In order to use Pilot-MapReduce in your Python application, you need to import the pmr module.

import pmr

You can check / print the version of your Pilot-MapReduce installation via the version property.

print pmr.version

Creating a MapReduce Job

A pmr.MapReduce is used to create MapReduce job in Pilot-MapReduce. It takes two parameters as inputs:

  • List of dict objects with SAGA-Pilot compute, data descriptions and input data SAGA URL location.
  • Coordination system URL used by SAGA-Pilot abstractions for managing communication between pilot-managers and pilots.
pmrDesc = []
                'pilot_compute': { "service_url": "fork://localhost",
                                  "number_of_processes": 8,
                                  "working_directory": os.getenv("HOME")+"/pilot-compute",
                                  "affinity_datacenter_label": "eu-de-south",
                                  "affinity_machine_label": "mymachine-1"
                'pilot_data'   :  {
                                  "service_url": "ssh://localhost/" + os.getenv("HOME")+"/pilot-data",
                                  "size": 100,
                                  "affinity_datacenter_label": "eu-de-south",
                                  "affinity_machine_label": "mymachine-1"
                'input_url'    : 'sftp://localhost/'+ os.getenv("HOME") + "/data")

job = pmr.MapReduce(pmrDesc, COORDINATION_URL)

Create Mapper executable

Create a Mapper executable in a new file in your $HOME directory using your favorite editor.

The map executable has mainly 3 sections

  • Initialization : Each map task receives chunk/split files as command line arguments.
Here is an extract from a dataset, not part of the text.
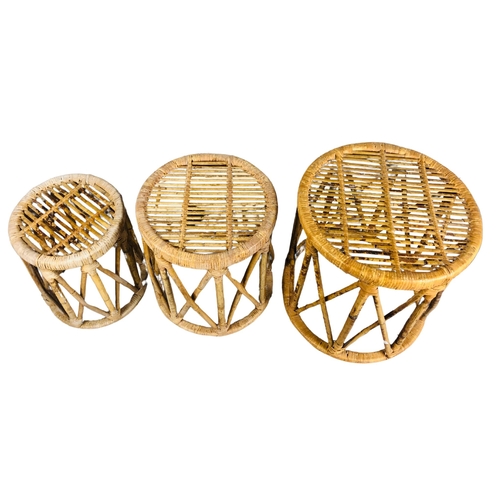 134 - Set of 3 small Bamboo and rattan stools/side tables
Initialize map task with command line parameters.
mapJob = Mapper(sys.argv)
  • Map function : Actual map task implementation. The pmr.Mapper provides a member chunkFile to access the chunk file passed as input to the map task. It also provide a member function emit which emits key, value pair to the reduce phase.
with open(mapJob.chunkFile) as fh:
    line =
    for word in line.split():
        mapJob.emit(word, "%s,%s" % (word, 1))
  • Finalization : Cleanup of the task.

After putting it all together, your first Pilot-MapReduce Mapper executable will look somewhat like the script below.

import sys
from pmr.mapper import Mapper
if __name__ == "__main__":
    # Initialize Map Job
    mapJob = Mapper(sys.argv)
    # Map function    
    with open(mapJob.chunkFile) as fh:
        line =
        for word in line.split():
            mapJob.emit(word, "%s,%s" % (word, 1))
    # Finalize map job  

Create Reducer executable

Create a Reducer executable in a new file in your $HOME directory using your favorite editor.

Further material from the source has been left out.